Thursday, 18 October 2012
I just checked facebook and i saw my good friend NEO's status update, by the way i rarely comment on all social networks these days, its too noisy, everyone wants to be heard and no one wants to listen, so i fill in the blank space and just listen to what everyone has to say. What people say really is a discussion for some other day.
The update says "wake up and be somebody", it got me thinking, who have i being all these years? who do i want to be? who am i becoming?
You know the world is such a rowdy place , that people's noise have a way of drowning your opinions, where he who is loudest wins, it does not really matter if they are right or wrong.
Well have grown to be someone different from what i was a couple of months back and yes i have grown to be a bad person, its amazing how a shift in someone's opinion can affect your whole life, crashing your plans and opinions like a domino effect.

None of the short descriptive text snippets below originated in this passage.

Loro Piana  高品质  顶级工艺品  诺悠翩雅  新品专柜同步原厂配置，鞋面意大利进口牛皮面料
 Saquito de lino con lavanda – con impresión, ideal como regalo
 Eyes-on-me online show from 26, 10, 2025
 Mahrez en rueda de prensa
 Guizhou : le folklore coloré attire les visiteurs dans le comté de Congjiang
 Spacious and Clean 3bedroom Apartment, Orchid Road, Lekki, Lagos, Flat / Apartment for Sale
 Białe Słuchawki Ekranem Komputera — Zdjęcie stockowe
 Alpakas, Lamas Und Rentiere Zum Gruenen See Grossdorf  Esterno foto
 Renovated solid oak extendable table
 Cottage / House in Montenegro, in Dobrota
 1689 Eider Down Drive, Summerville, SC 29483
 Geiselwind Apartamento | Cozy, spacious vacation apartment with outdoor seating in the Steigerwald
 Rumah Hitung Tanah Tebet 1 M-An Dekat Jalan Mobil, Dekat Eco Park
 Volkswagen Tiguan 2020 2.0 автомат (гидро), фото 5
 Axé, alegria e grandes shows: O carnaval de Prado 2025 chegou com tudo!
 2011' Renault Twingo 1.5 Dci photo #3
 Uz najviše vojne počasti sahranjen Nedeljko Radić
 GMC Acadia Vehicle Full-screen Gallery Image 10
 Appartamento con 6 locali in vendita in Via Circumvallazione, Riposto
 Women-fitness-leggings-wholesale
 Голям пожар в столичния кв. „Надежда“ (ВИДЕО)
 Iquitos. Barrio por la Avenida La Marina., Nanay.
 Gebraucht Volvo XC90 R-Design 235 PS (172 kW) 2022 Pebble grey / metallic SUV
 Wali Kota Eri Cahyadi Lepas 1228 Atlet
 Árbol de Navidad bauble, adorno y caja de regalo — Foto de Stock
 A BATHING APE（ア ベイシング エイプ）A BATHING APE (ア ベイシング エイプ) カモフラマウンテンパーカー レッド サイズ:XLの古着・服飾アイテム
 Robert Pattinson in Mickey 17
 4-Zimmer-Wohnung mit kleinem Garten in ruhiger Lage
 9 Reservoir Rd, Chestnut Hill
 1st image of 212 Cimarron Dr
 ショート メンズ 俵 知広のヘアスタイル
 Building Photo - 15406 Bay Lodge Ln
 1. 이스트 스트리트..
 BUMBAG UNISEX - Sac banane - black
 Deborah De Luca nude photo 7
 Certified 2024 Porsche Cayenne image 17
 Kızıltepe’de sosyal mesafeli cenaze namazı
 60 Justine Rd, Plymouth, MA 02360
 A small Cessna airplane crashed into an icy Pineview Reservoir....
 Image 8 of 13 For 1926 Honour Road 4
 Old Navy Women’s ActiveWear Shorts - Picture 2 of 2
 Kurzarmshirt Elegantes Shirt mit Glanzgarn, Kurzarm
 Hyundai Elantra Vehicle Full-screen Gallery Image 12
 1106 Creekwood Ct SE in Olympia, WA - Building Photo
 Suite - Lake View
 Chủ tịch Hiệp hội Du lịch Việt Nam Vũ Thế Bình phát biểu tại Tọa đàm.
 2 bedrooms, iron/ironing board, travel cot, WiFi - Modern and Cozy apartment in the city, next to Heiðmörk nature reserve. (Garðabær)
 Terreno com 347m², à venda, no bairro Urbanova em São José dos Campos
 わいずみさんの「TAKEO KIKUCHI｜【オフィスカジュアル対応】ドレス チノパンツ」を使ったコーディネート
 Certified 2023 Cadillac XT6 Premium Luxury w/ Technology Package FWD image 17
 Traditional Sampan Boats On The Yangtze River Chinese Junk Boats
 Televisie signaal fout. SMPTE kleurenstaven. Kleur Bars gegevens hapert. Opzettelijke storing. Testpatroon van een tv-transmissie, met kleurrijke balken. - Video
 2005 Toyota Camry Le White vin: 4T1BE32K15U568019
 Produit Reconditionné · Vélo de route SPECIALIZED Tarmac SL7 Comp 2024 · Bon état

Things i planned never to do are the things that give me relief lately, the beast in me is fully fed, and really thirsty for more. i bury my head in my palms and i think of how all this began, all the things i know can save me, and something in me keeps telling me "you just have to face this phase" , i know eventually it will pass, just like a thick cloud.
This is not me , its who i have to overcome to become who i really ought to be.
I still am the person i used to be, am still a good son, brother and a good friend and just wait dont judge me yet, because this will pass, am only scaling off.
We all go through this phase, maybe not all of , just most of us. The trick is remembering who you always were and who you want to be, otherwise, you will be lost in this phase. Oblivion is the main danger here.